▸ Task: Identify and copy all lines of the material where the string "Apartment" is found.

▸ Records for processing:
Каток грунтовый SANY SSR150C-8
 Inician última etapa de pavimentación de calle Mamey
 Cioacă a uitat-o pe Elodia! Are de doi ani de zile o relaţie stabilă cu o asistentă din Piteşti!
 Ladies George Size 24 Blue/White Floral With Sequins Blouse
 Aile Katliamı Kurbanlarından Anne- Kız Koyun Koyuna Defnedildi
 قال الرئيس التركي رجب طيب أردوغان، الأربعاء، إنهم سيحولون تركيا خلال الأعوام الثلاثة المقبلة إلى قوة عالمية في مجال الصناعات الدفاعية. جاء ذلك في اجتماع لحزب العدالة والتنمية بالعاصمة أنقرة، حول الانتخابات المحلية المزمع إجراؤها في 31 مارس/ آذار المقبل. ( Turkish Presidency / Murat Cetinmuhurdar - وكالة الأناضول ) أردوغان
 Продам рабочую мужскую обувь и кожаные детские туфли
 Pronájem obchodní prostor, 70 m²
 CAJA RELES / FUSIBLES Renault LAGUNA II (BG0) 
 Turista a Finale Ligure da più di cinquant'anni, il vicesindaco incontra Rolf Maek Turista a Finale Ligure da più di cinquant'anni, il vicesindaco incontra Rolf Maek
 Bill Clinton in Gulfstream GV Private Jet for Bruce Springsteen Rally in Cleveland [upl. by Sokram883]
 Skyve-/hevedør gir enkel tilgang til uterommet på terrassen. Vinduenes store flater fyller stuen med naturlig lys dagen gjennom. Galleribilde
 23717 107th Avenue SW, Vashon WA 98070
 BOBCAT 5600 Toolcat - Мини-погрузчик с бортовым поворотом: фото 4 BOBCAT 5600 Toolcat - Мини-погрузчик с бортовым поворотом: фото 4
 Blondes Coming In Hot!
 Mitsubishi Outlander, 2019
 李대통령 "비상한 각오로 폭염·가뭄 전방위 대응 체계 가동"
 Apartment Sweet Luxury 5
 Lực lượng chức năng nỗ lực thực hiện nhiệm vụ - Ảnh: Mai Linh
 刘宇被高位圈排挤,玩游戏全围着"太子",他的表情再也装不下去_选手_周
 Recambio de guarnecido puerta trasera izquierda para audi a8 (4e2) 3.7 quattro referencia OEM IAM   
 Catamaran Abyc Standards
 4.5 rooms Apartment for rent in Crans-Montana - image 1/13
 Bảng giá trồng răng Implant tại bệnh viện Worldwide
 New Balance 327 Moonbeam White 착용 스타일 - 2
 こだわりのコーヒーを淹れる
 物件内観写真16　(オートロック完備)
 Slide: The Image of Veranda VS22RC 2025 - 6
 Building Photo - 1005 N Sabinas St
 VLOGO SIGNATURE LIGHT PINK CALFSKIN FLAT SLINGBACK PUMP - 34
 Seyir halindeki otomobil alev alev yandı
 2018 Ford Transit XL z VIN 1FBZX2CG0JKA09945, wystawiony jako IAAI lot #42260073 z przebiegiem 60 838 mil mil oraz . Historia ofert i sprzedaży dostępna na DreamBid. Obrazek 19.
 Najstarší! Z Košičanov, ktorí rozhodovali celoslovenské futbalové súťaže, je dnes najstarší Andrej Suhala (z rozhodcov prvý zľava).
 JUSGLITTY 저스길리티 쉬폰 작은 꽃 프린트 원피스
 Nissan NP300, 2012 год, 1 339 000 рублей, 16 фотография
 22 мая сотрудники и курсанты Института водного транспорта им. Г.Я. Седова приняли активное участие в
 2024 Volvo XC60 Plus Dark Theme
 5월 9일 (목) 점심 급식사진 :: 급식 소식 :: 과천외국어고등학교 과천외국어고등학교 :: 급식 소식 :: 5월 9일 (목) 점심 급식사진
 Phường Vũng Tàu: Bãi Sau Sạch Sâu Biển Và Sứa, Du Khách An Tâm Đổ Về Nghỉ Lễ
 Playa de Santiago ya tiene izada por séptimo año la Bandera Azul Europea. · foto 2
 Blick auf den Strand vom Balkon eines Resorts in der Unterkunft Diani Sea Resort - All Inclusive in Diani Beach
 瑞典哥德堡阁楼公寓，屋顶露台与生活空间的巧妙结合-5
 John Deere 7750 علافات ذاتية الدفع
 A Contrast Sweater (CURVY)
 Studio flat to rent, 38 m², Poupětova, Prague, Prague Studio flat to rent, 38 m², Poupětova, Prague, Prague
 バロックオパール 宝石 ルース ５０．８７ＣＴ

▸ Solution to the exercise:
 Apartment Sweet Luxury 5
 4.5 rooms Apartment for rent in Crans-Montana - image 1/13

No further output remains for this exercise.